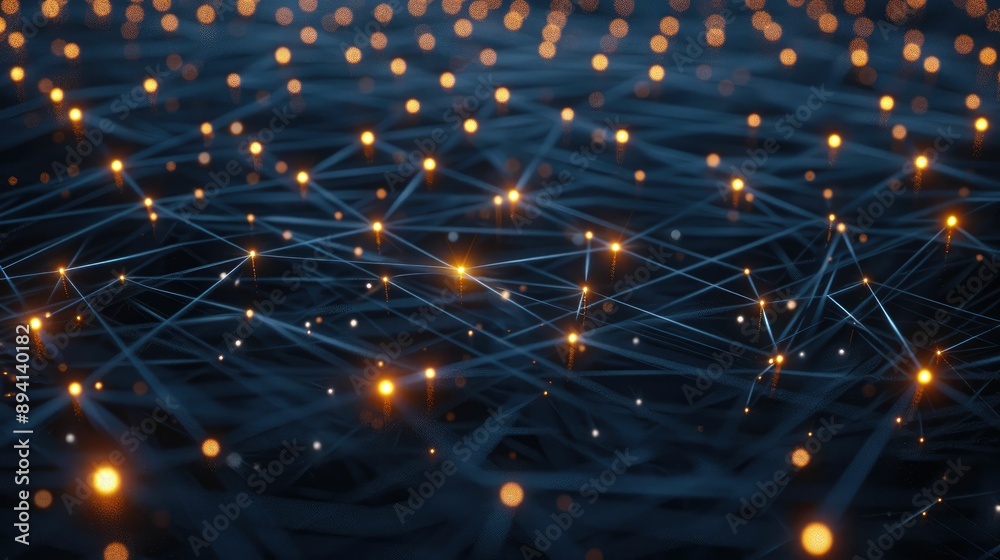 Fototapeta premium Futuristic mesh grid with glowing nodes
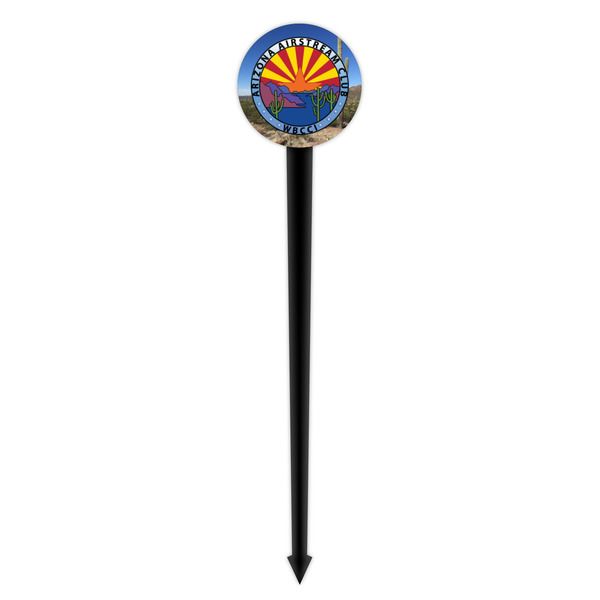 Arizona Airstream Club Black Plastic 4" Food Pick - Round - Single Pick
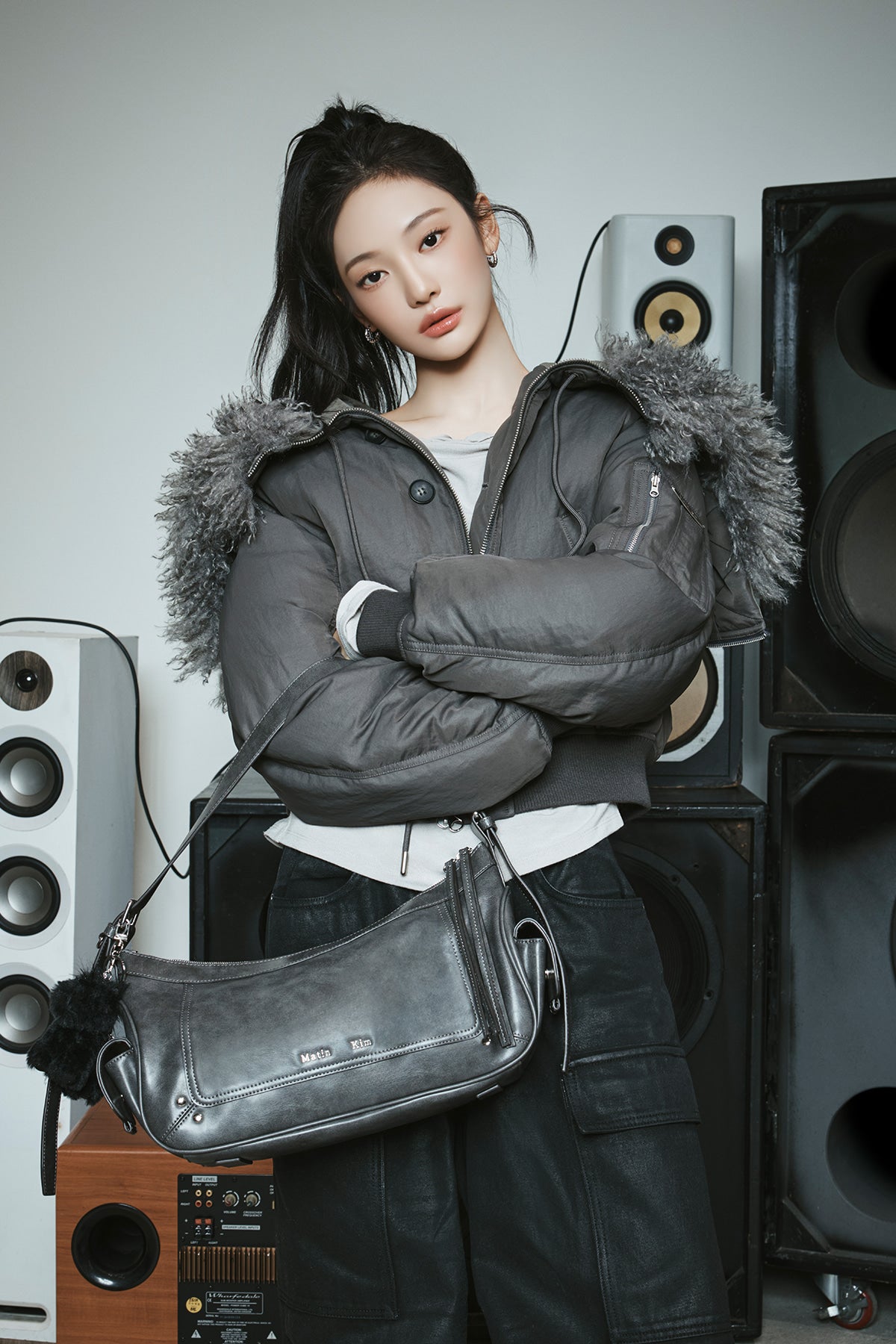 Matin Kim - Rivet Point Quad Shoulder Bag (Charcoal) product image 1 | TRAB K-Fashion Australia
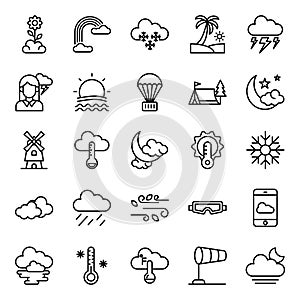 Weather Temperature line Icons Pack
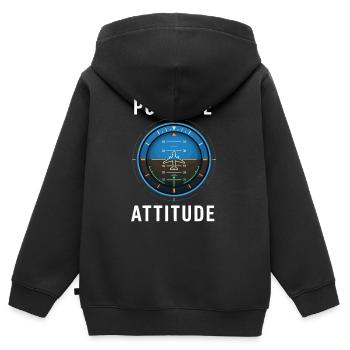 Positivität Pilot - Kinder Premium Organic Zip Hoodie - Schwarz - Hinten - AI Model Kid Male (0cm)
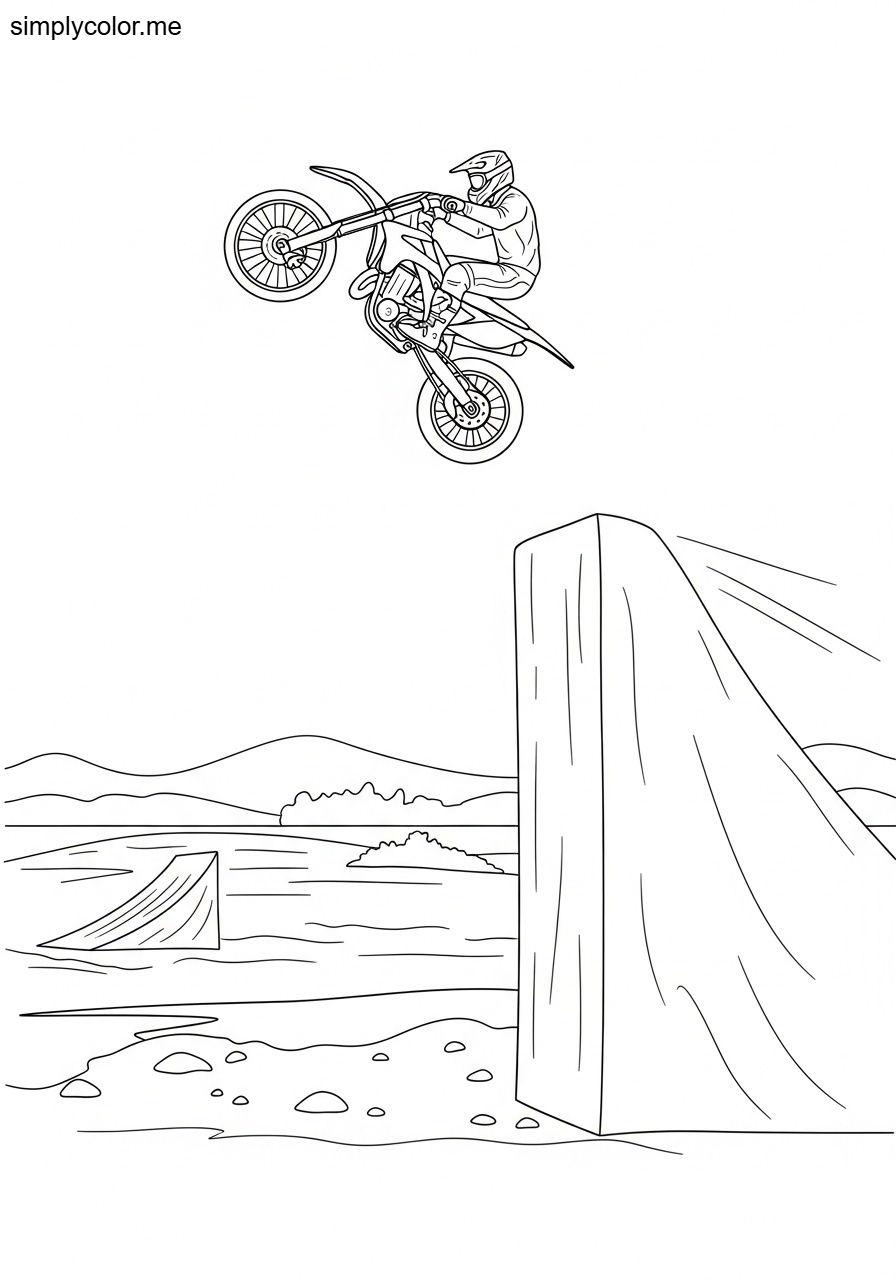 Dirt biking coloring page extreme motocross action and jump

=====

→ **EXERCISE REQUIREMENTS**
With the pictures omitted, reproduce the data above exactly.

→ **SOLUTION BELOW**
 Fototapeta premium Futuristic mesh grid with glowing nodes
 Arizona Airstream Club Black Plastic 4" Food Pick - Round - Single Pick
 Matin Kim - Rivet Point Quad Shoulder Bag (Charcoal) product image 1 | TRAB K-Fashion Australia
 Weather Temperature line Icons Pack
 Positivität Pilot - Kinder Premium Organic Zip Hoodie - Schwarz - Hinten - AI Model Kid Male (0cm)
 Dirt biking coloring page extreme motocross action and jump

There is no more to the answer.